Conducting calls attention to itself when it is truly awful or excellent. This week two different conductors in two quite different houses employed their batons equally effectively for two very different operas. On Monday at the Met, Simon Rattle did battle and totally conquered Debussy’s dense orchestration of Pélleas and Mélisande. The score totally “made sense” as he brought out the shimmering harmonies and textures; thick velvety strings underpinned snatches of nascent melodies from the winds. The harp was properly ethereal. Altogether one felt the mystery of the inexplicable story. It is a strange tale; the symbolism is murky and no motivation is given for the characters’ behavior. Several themes kept reappearing: darkness vs. light, hair falling down, arms reaching up (and down), aquatic bodies (fountain, pond, and swamp). But there is nothing that a psychoanalyst could make sense of. Perhaps a mystic could.
The singing was glorious and the acting seemed fine in view of the fact that nothing is comprehensible. Much credit to Magdalena Kozena, Stéphane Degout and Gerald Finley who did their best to make the characters sympathetic. But more credit to Maestro Rattle for making the score tell the tale. In light of its Medieval nature, the late Victorian costuming appears inapposite, although Mélisande’s wig was perfect; she looked like Rapunzel and even when Golaud tried to drag her around by the hair, the wig stayed on her head. The set was ugly and anachronistic, revolving like the rooftop restaurant of the Holiday Inn in Southfield Michigan. There was much talk of being in a dark forest with lots of trees but the set had only one skinny little specimen; the forest scene from Don Carlo was better by far.
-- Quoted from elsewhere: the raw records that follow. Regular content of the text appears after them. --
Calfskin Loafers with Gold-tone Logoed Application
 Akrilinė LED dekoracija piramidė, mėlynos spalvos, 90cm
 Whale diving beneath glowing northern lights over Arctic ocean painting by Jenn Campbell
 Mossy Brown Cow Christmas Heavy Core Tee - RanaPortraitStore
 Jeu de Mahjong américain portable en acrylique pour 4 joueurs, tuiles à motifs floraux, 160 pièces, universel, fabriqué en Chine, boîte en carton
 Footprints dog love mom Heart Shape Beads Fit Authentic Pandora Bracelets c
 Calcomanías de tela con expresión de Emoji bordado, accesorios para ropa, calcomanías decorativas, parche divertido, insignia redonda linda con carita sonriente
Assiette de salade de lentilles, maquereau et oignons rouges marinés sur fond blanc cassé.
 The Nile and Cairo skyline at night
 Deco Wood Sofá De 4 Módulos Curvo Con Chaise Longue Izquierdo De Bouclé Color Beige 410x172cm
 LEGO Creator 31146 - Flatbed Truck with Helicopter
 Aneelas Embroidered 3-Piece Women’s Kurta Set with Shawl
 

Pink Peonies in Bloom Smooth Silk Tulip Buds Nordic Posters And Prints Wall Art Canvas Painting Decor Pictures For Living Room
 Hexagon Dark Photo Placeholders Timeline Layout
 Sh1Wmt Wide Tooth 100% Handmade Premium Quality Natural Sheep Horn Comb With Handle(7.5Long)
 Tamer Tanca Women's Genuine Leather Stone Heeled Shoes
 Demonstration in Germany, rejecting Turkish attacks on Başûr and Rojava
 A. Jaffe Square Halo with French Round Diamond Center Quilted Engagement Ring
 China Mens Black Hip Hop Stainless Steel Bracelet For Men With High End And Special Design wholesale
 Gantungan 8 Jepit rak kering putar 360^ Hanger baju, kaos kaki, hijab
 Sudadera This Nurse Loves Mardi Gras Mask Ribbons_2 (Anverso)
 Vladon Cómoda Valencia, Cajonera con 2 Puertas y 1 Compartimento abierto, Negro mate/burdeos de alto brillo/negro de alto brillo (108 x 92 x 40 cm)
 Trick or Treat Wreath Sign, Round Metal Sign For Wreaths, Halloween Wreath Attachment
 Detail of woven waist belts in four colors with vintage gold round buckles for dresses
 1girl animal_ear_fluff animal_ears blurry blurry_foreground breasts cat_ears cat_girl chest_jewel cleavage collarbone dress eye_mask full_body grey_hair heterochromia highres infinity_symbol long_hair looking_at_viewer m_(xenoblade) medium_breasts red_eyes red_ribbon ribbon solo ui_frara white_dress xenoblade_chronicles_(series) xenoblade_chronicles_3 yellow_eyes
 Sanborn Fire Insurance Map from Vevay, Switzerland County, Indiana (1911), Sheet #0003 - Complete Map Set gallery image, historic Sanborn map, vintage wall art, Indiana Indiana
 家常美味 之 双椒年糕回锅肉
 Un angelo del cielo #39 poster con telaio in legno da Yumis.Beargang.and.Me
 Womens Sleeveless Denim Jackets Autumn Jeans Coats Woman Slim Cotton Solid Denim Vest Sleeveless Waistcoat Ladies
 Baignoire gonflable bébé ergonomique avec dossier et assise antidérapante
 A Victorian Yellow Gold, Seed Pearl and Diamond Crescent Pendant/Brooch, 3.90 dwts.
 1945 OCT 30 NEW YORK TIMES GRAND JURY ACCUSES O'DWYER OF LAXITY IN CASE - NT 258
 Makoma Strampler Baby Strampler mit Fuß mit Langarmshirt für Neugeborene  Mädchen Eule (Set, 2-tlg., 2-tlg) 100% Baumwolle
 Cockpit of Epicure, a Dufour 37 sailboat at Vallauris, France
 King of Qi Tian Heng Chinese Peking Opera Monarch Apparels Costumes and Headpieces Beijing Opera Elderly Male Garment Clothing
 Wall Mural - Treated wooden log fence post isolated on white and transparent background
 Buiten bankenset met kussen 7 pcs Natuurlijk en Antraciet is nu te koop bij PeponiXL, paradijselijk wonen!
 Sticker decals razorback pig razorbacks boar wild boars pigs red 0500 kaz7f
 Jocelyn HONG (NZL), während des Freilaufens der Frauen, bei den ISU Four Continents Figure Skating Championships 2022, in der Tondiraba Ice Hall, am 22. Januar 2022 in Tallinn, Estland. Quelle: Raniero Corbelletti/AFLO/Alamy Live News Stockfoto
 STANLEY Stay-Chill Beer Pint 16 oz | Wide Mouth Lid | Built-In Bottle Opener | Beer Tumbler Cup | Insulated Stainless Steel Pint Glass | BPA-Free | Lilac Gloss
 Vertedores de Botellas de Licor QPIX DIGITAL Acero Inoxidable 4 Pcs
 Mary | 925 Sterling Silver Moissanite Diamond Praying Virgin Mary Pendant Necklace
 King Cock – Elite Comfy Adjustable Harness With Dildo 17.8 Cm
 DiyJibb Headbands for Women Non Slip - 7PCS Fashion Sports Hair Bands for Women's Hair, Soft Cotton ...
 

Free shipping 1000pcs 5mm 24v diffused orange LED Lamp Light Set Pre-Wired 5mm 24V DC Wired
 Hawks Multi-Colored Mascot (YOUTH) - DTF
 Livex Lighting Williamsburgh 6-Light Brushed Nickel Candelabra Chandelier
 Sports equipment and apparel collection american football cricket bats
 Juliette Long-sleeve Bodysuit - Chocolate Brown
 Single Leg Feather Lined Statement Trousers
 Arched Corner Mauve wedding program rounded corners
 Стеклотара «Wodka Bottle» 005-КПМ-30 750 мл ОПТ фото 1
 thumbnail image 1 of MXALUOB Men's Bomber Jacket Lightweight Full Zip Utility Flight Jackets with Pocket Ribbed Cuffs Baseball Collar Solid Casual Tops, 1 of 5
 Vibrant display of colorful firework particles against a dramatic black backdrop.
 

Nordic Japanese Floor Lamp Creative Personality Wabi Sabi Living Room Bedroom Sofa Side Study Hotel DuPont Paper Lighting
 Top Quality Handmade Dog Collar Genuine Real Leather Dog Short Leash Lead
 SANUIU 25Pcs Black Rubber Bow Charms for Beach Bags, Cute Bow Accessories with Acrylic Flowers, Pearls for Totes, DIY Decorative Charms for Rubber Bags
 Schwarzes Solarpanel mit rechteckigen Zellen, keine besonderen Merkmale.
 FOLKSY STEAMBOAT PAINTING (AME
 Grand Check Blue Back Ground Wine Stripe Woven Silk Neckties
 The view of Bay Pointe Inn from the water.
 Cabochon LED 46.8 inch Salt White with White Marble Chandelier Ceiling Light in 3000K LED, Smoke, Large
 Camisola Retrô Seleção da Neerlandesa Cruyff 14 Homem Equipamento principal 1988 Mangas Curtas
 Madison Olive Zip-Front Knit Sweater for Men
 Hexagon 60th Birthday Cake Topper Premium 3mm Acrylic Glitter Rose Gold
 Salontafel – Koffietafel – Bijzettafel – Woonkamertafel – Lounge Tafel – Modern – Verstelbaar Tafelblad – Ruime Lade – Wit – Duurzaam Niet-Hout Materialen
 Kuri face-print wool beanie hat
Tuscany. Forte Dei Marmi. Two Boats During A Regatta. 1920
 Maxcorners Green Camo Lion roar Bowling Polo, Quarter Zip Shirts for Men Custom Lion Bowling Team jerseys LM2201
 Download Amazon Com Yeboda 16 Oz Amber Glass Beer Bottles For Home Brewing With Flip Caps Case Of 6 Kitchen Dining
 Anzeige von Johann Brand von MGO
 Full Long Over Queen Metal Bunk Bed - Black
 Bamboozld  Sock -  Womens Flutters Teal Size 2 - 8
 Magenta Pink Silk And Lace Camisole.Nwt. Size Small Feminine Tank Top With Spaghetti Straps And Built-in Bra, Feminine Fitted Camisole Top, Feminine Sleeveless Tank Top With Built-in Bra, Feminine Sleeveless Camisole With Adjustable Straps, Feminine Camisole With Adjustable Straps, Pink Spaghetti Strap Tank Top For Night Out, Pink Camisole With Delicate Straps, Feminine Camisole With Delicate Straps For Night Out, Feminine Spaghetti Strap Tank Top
The pond where Mélisande meets Golaud is devoid of water. The lighting in the last scene seem to indicate the sun setting in two directions. Clearly they were not going for realism here. But the furniture in the castle was quite realistic, going for an “Upstairs, Downstairs” look with lots of uniformed servants and chandeliers, not to mention parquet floors where rough-hewn stone would have served better.
On Tuesday Christopher Fecteau gave a luminous reading of a Humperdinck opera; he apparently made a reduction of the score for a chamber group of seven musicians who must have rehearsed quite a bit to have everything sound so distinct yet so unified. “Königskinder” lacks the singable melodies of “Hänsel und Gretel” and the story is a tragic one, definitely not one for the kiddies. The Dell’Arte Opera Ensemble was wise in their choice of this gem and must be admired for giving New York the opportunity to hear an opera absent from New York stages for nearly a century. The Lynch Theater at John Jay College is a good size for chamber opera. Costumes, set and staging were of the bare bones variety and I would decline to comment on the singing with the exception of soprano Katherine Wessinger who was a most affecting Goose Girl. Her flock of geese were imaginatively created by the four arms of two performers. She and Maestro Fecteau ensured that it was a most well-spent evening. Let’s have more chamber opera in New York City!